In 2015, KB Financial Group acquired LIG Insurance, which has now become KB Insurance. In 2018, Shinhan Financial Group purchased ING Life Insurance, now known as Orange Life Insurance.

This year, Prudential Life Insurance is a big fish in the market, with a bidding price expected to be near 2 trillion won ($1.7 billion). KB Financial Group is among several private equity funds that have participated as a bidder.

Hana Financial Group also is already in the process of acquiring The-K Non-Life Insurance for 100 billion won.

In their New Year’s speeches, chiefs of major financial holding companies have unanimously emphasized their interest in mergers and acquisitions (M&A) to fortify company portfolios.

For financial holding companies, flagship banks have played major roles in determining the group’s assets and net income.

As of June 2019, Korea’s top five financial firms - KB, Shinhan, Hana, Woori and Nonghyup - reported that 78.7 percent of their assets and 75.1 percent of their net income derived from banks.

But the outlook is grim this year, following the central bank’s decision to maintain the low base rate.

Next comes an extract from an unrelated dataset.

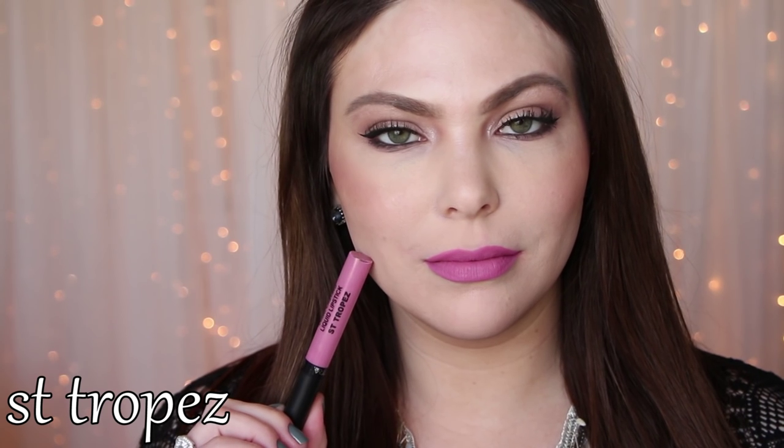And then St. Tropez, which I really love. It's almost like a pink with a little bit of purple to it, like a lilac-y purple. Kind of reminds me of NARS lip liner in El Agua, but very, very wearable.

The net interest margin, the difference between the amount of money generated by financial institutions from interest rate and the amount of interest paid out to the lenders, dropped from 1.62 percent in the first quarter of last year to 1.59 in the third quarter.

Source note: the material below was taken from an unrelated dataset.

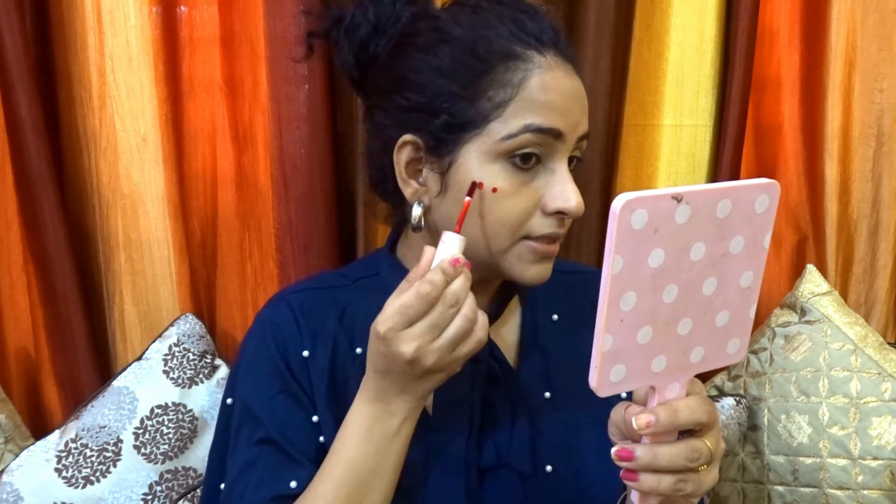If you guys know where I can find it — whether on Nykaa or anywhere — please let me know in the comments! What I'm going to do is apply it as a blush. Can you see how natural it looks? I love this one. I'm also going to take one dot and apply it on my eyelid — it gives a nice flush of colour.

The Bank of Korea may even drop the key interest rate in the first half of this year.

That is why major financial firms are expanding their portfolios into non-banking sectors, such as in insurance and securities.

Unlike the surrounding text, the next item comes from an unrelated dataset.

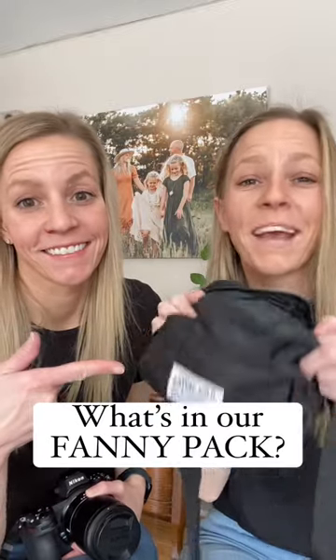Today we're going to talk about what we keep in our fanny packs that we bring to sessions. We bring things to every single session: our car keys, an expo disc, our SD cards, backup batteries, and our cell phone. And that's it — it's easy as that.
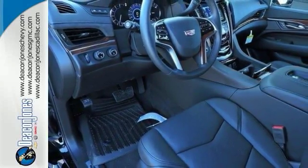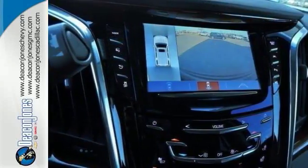It also has a sunroof, power liftgate, and alloy wheels. The four-wheel drive and tow hitch receiver make this Cadillac very hard to pass up.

The Korea Investors Service in December released a report saying that the low key rate and low-growth economic environment has led to unfavorable conditions for bank operations. It said the profitability of banks will drop, and dependency on net income will fall more drastically than dependency on assets, which will eventually lead to more demands for expansion in non-banking sectors.

Shinhan Financial Group and KB Financial Group are both vying for the industry’s top position.

In 2017, KB Financial was able to take the lead in the banking business after acquiring LIG Insurance in 2015 and Hyundai Securities in 2016. Shinhan Financial Group snatched back the top spot by acquiring ING Life in 2018 for 2.3 trillion won. At the time, ING Life had assets worth 31 trillion won.

For KB Financial Group, Prudential Life is a more than a tempting item, with 20 trillion won in assets and 144.8 billion won of operating profit, based on 2018 figures. While KB Financial is a leading player in banking, card, securities and other sectors, it lacks substantial investments in the insurance industry.

The insurance industry may be experiencing slow growth, but it’s a different story for the intersection of insurance and technology, another reason financial groups are eyeing insurance companies despite their low profitability.

The number of those firms included in the list of top 100 financial tech firms announced by global consulting company KPMG International Cooperative and investment company H2 Ventures rose from 11 in 2018 to 17 in 2019.

Hana Financial Group also recently invested 8.5 billion won in Bomapp, an insurance start-up that offers personalized insurance plans through its affiliates.

But acquisitions of insurance companies don’t always work out well. In 2011, Hyundai Motor Group acquired Green Cross Life Insurance to launch Hyundai Life Insurance but didn’t see much success.

“Besides the case of Orange Life, there are a lot of cases where [M&A] only end up in intensified competition and poor operation,” said Jo Bo-ram, an analyst at NH Investment & Securities in a report.